ABOUT THIS TASK: Below this line is a listing that includes pictures. Copy exactly, and only, the lines from the one containing "Volvo / WhiteGMC" through the one containing "4352 NORMANDY CT"; the pictures do not go in the copy.

INPUT FOR THIS TASK:
┄┄┄┄┄┄┄┄┄┄

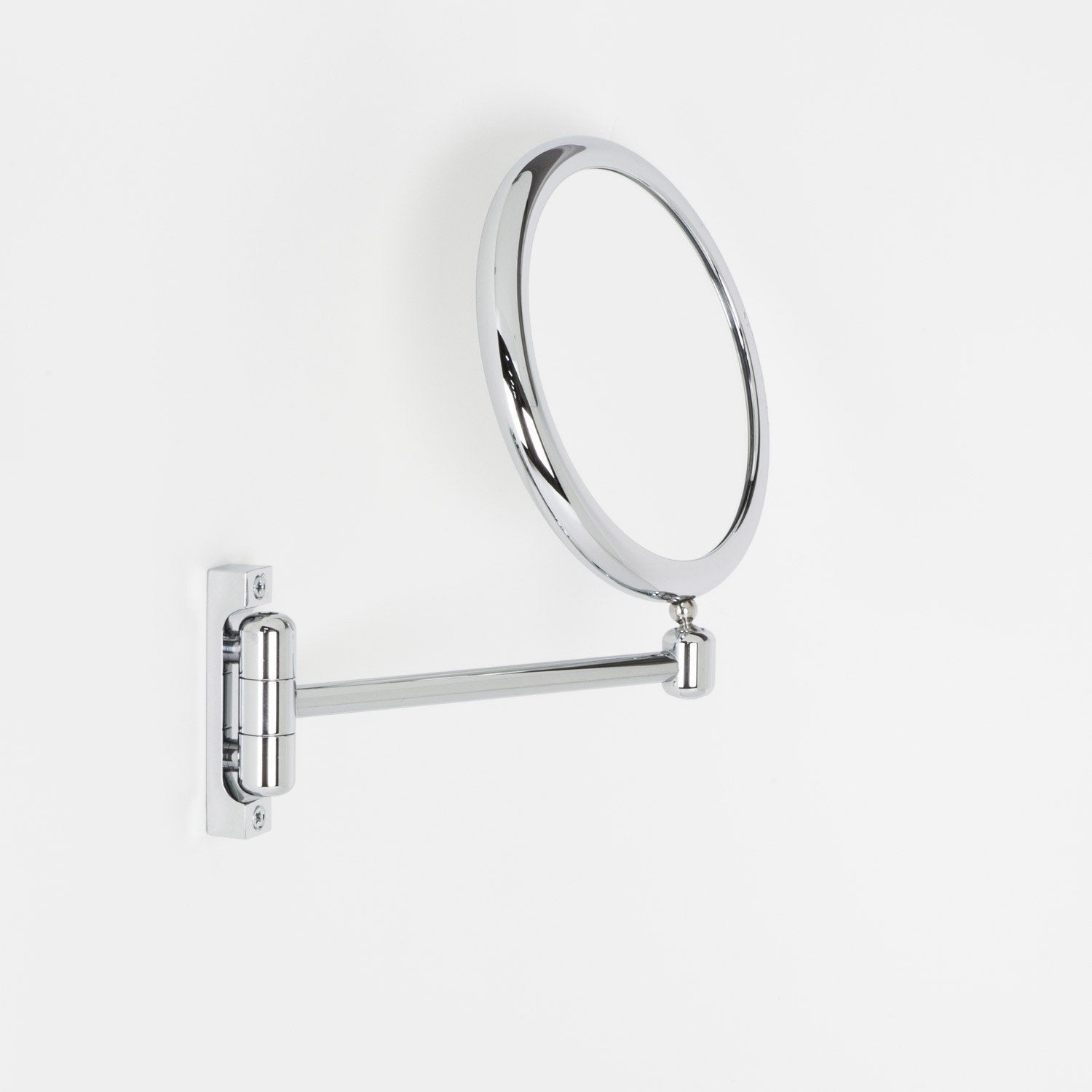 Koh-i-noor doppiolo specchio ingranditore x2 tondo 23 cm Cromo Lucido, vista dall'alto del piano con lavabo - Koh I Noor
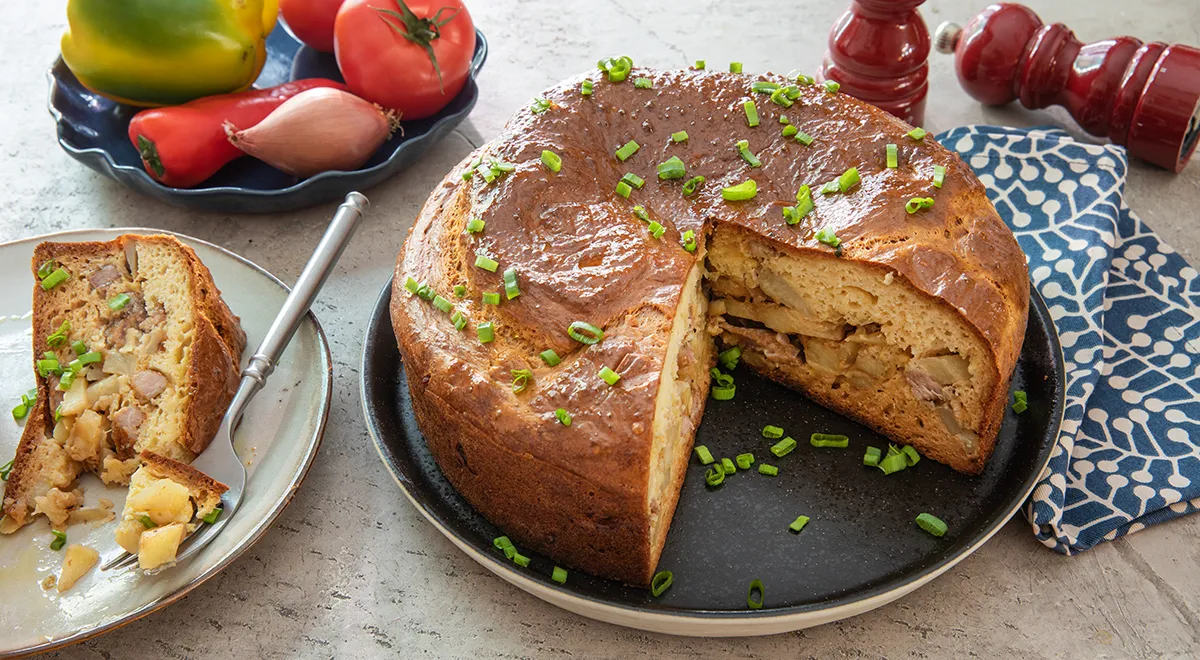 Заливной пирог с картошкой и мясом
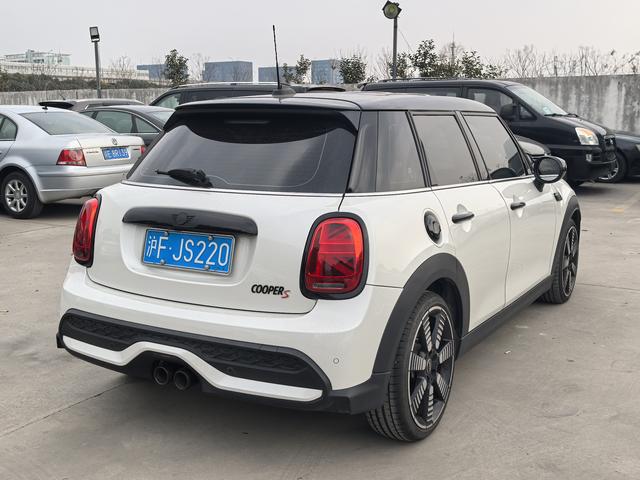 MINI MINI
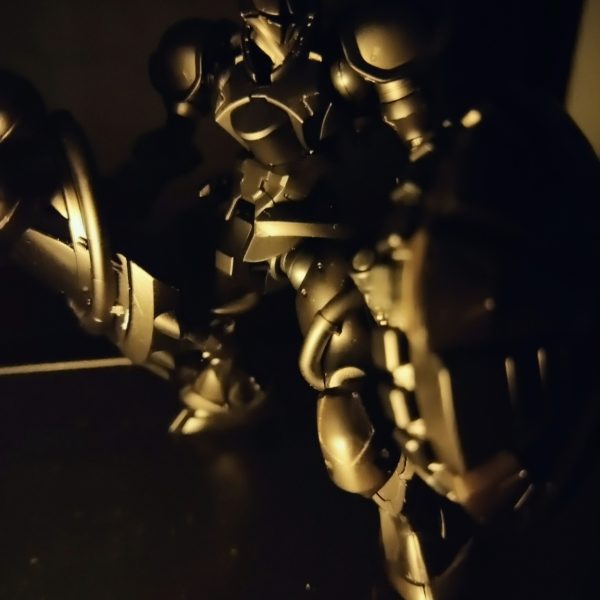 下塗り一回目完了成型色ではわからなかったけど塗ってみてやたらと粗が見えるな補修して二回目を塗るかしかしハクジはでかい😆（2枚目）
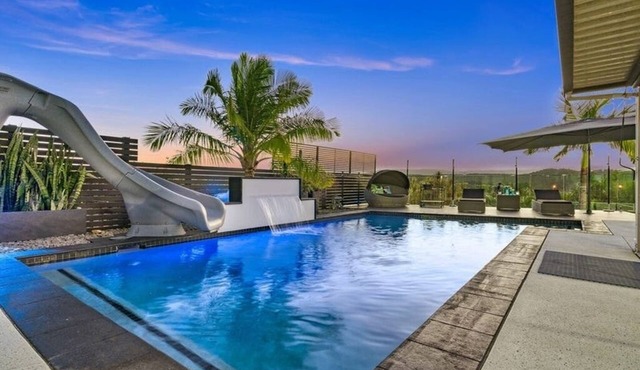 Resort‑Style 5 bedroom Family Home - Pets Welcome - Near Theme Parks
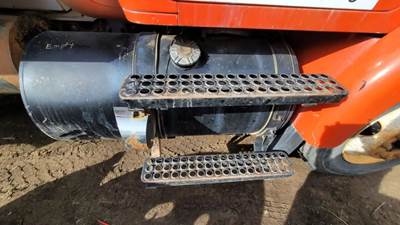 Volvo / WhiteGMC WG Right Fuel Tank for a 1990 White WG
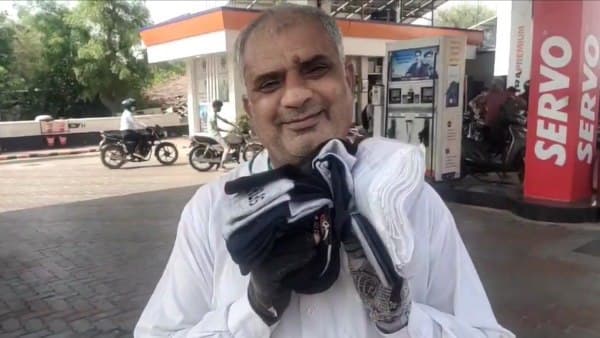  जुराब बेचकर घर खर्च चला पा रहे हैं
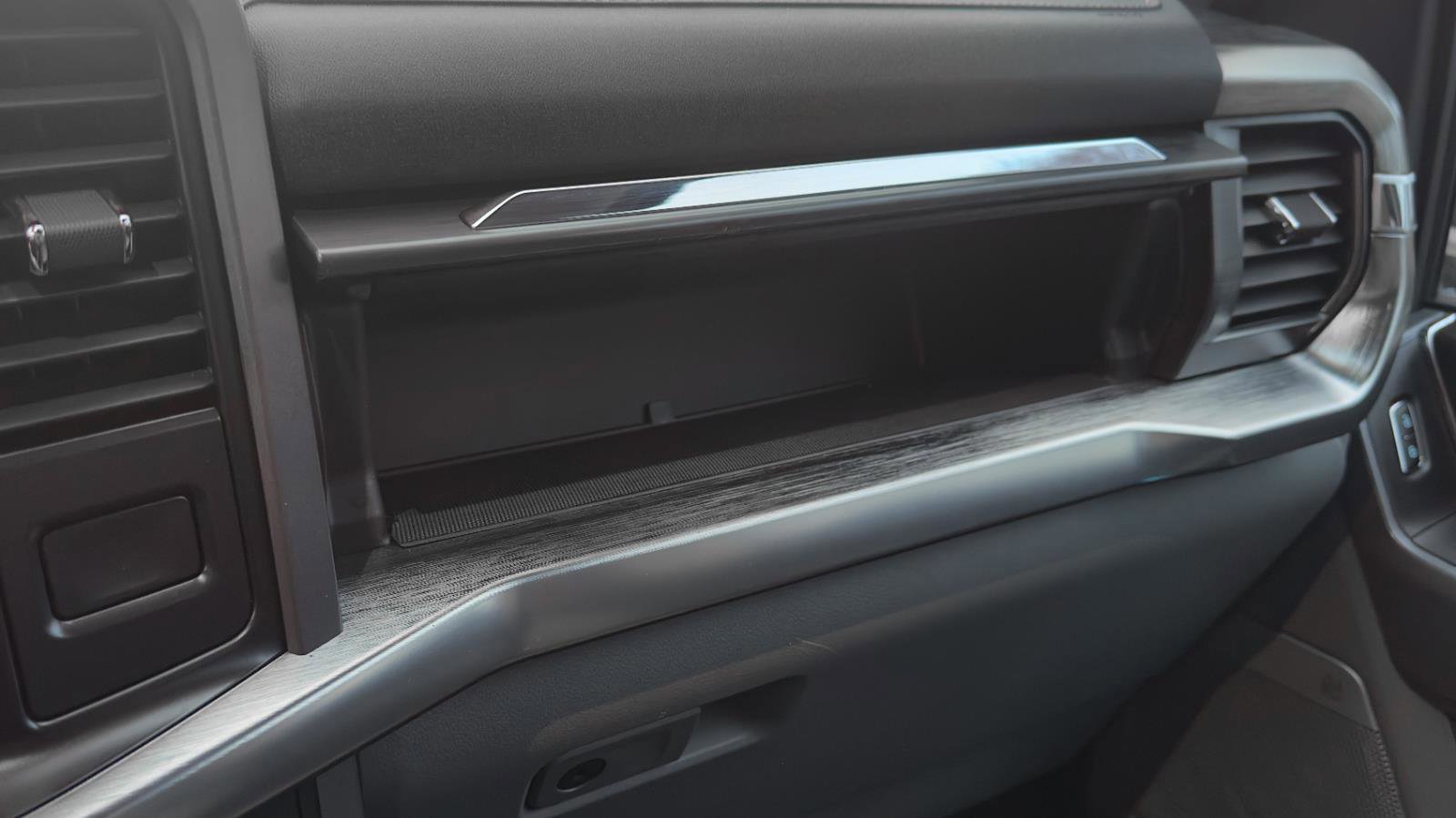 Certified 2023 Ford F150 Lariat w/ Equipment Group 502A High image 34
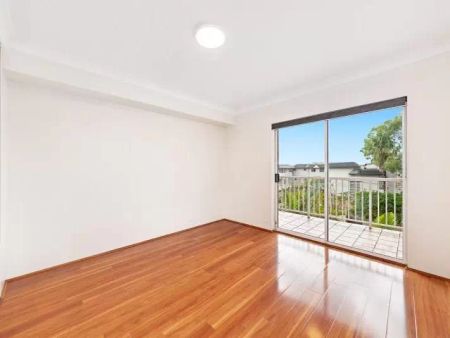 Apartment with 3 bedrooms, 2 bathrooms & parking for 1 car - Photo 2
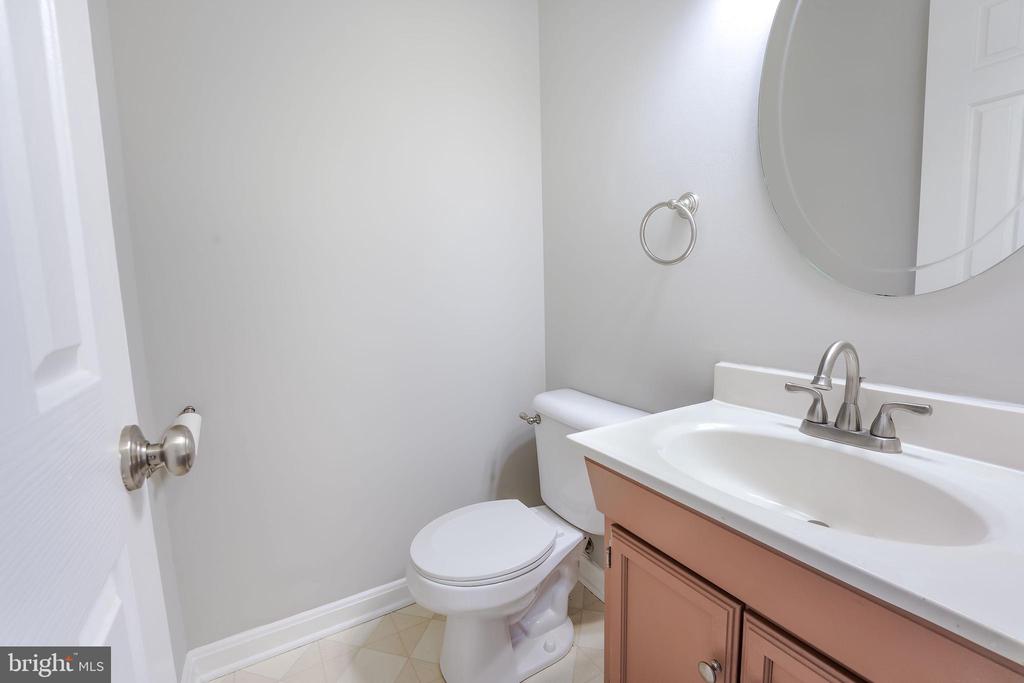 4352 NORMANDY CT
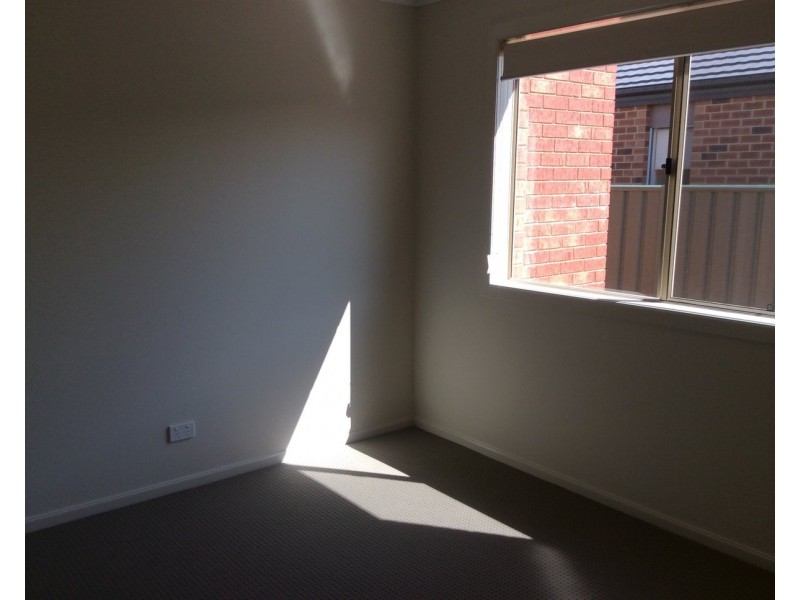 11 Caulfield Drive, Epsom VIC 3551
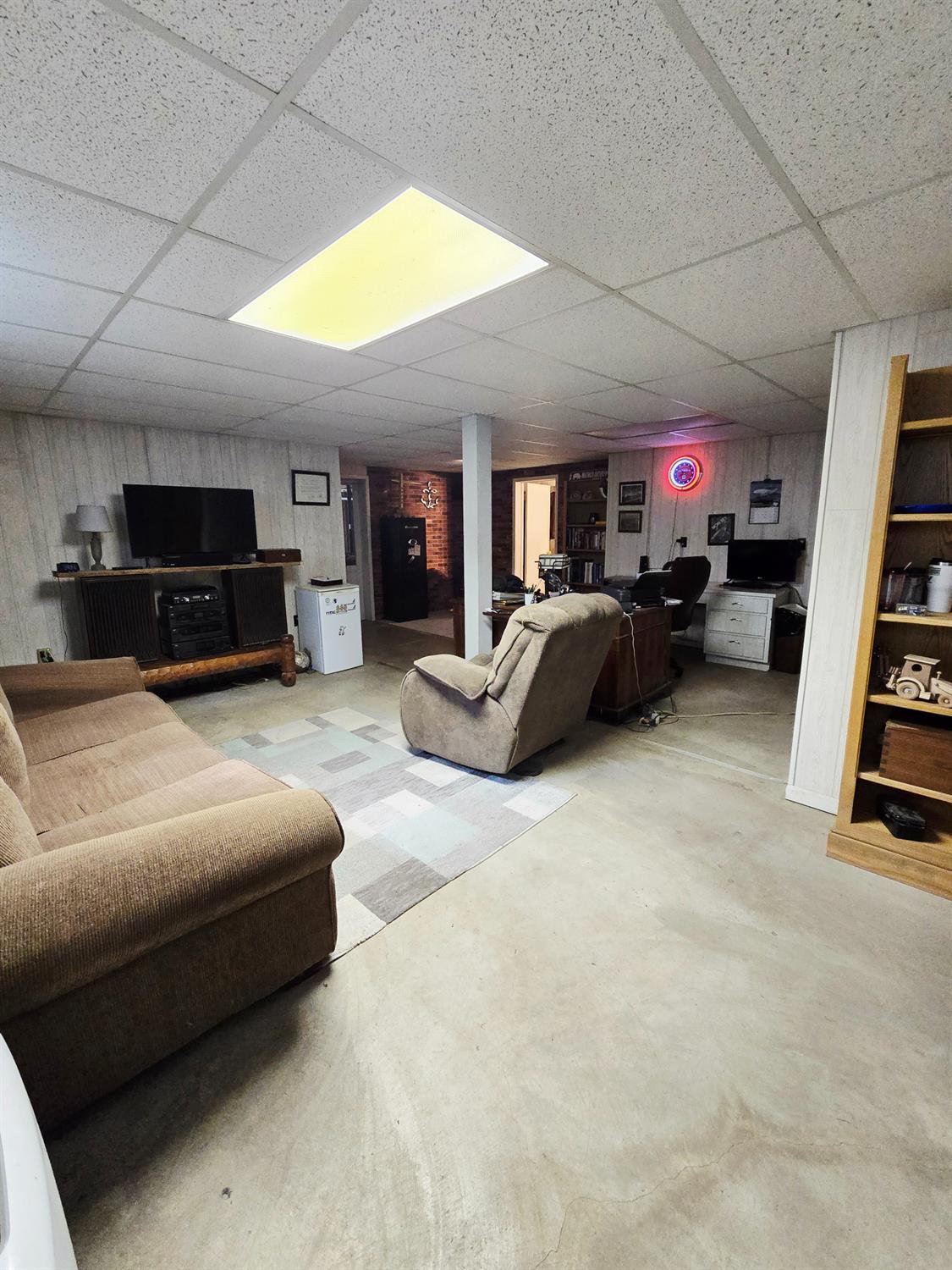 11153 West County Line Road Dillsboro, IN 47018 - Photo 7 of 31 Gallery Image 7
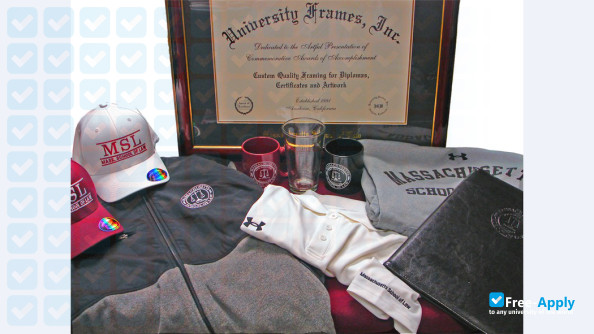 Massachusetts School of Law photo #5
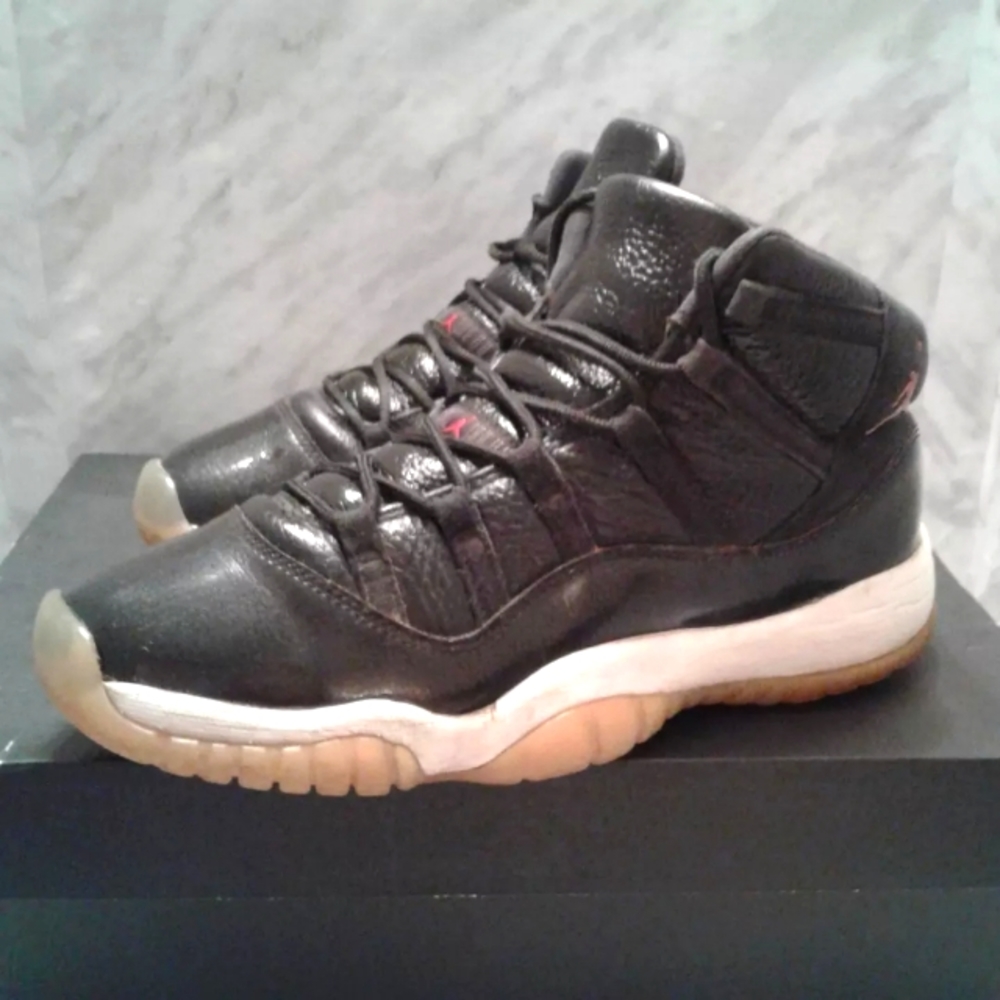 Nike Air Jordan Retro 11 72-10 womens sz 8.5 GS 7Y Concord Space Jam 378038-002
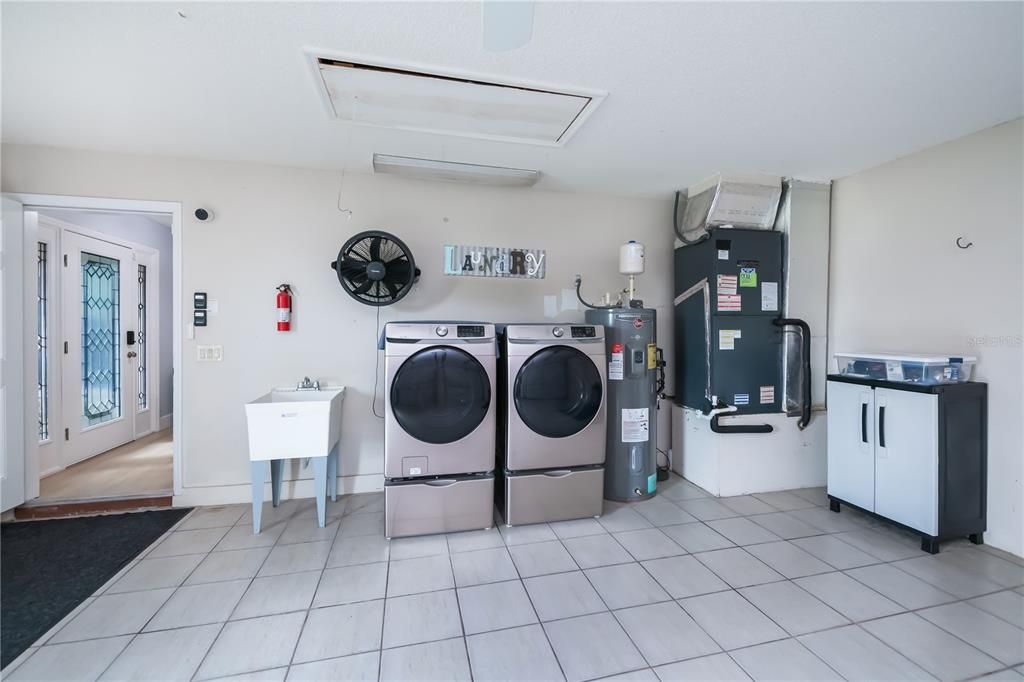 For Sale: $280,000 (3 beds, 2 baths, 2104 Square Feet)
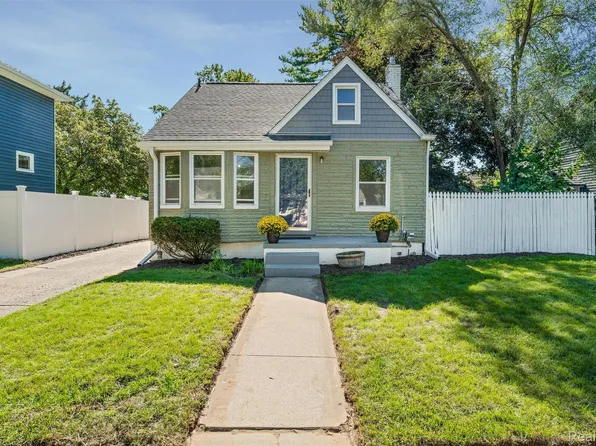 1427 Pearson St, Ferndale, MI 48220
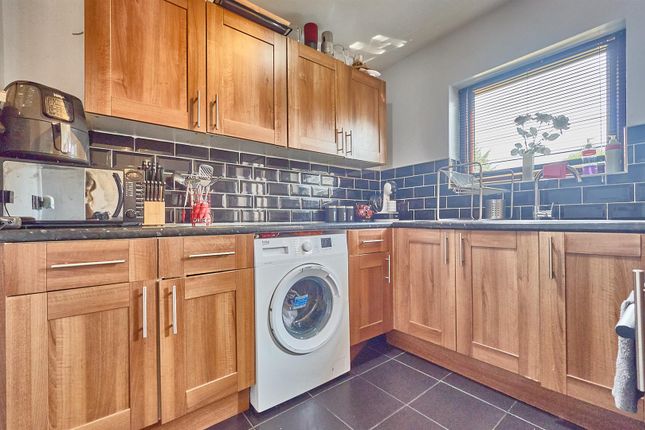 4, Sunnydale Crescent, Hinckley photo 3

┄┄┄┄┄┄┄┄┄┄

SOLUTION:
 Volvo / WhiteGMC WG Right Fuel Tank for a 1990 White WG
  जुराब बेचकर घर खर्च चला पा रहे हैं
 Certified 2023 Ford F150 Lariat w/ Equipment Group 502A High image 34
 Apartment with 3 bedrooms, 2 bathrooms & parking for 1 car - Photo 2
 4352 NORMANDY CT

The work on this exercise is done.